Feel that whiplash? Trade has gone from zero to 60 in the White House's agenda just weeks after Barack Obama's second inauguration. Two blockbuster deals -- the Trans-Pacific Partnership, which Japan will soon join, and a free trade agreement with the European Union -- could finally leave the World Trade Organization's ill-fated Doha Development Round in the dust. In fact, these deals offer more hope for world trade than the WTO ever did.
At its founding in 1995, the WTO was the first global mechanism for lowering barriers to commerce. Since then, it has done very little to fulfill its primary mission. The Doha Round, projected by the World Bank to raise global economic activity by $500 billion, has dragged on for a dozen years without agreement. In the meantime, estimates of its potential economic gains have dropped as low as $84 billion -- about 0.1 percent of global output -- with just $16 billion going to poor countries.

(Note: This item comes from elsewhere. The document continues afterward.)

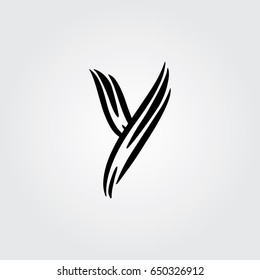 Creative logo design and Unique symbol with y.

Any deal now would be lucky to generate even that amount. The Doha Round is a failure because of its complexity and the WTO's negotiating system. Everything except military hardware is on the table, and it has been impossible to reconcile every country's views on agriculture, services, and manufactured goods. Yet because every country has a veto, that reconciliation is exactly what is required for a deal.

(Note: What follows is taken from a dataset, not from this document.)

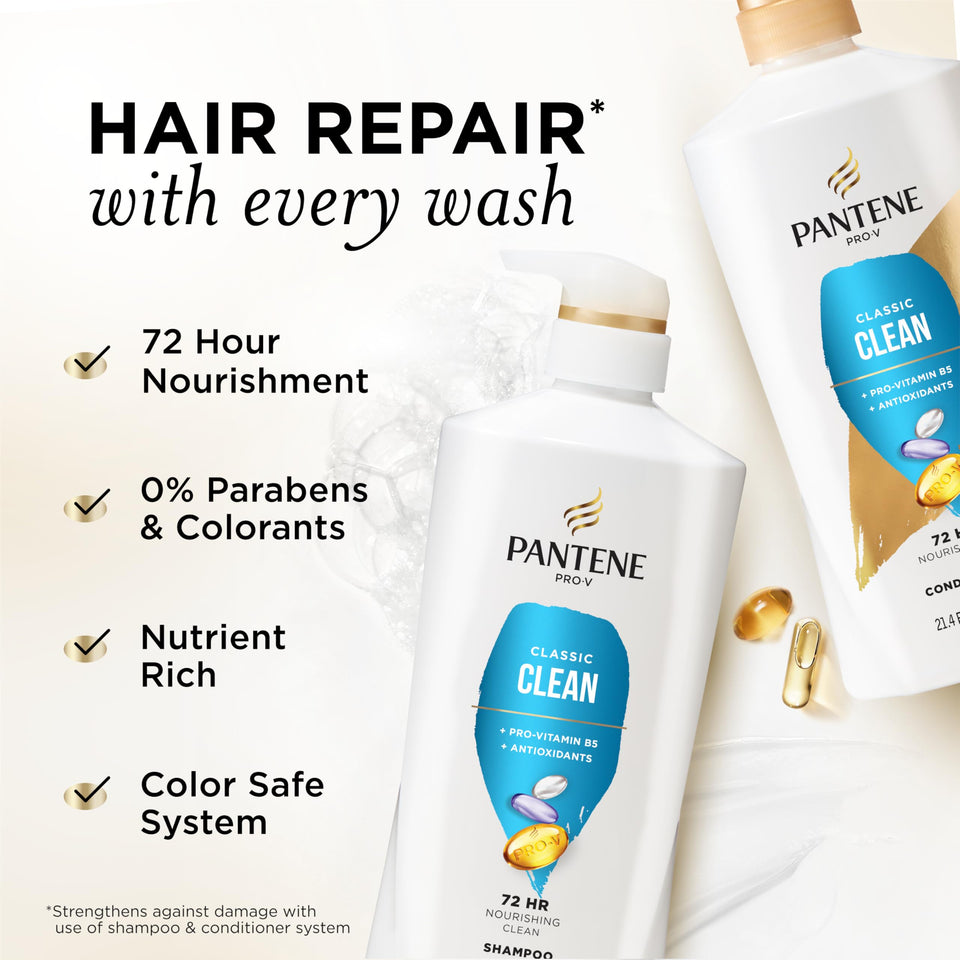 Pantene Daily Moisture Renewal Hair Care Set for Soft Smooth and Healthy Looking Hair All Types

Throughout the past 12 years, the WTO's most ardent supporters have urged countries big and small to stay committed to the Doha Round, resulting in a massive waste of resources. This has been especially tragic for poorer countries that have only small teams of diplomats and lawyers responsible for pursuing bilateral, regional, and global trade deals around the world. Dozens of them, from Belize to the Gambia, don't even have permanent representatives at the WTO's headquarters in Geneva, and have to rely on semi-annual "Geneva Weeks" to touch base with their colleagues.
Yet in spite of the futility engendered by perennially lower expectations, negotiators have kept on meeting because, as one put it, "the problem is no one knows what Plan B is." Now there is a plan B: the formation of big trade blocs including big and small countries, which will eventually find it in their mutual interest to negotiate with each other.
This is a huge step forward. In global trade talks, a few countries -- notably France and India -- have relished the role of spoiler. Deals that don't insist on being global don't have that problem; these big trade blocs are essentially coalitions of the willing. Their members are the leaders, and the laggards will have two choices: join, or get the short end of the stick.
When Japan signaled its intent to sign onto the Trans-Pacific Partnership (TPP) last week, it joined Australia, Brunei, Canada, Chile, Malaysia, Mexico, New Zealand, Peru, Singapore, Vietnam, and the United States in negotiations. The most important aspect of this bloc is its diversity, which will result in big gains from trade. Together, these countries will lower trade barriers -- and get richer.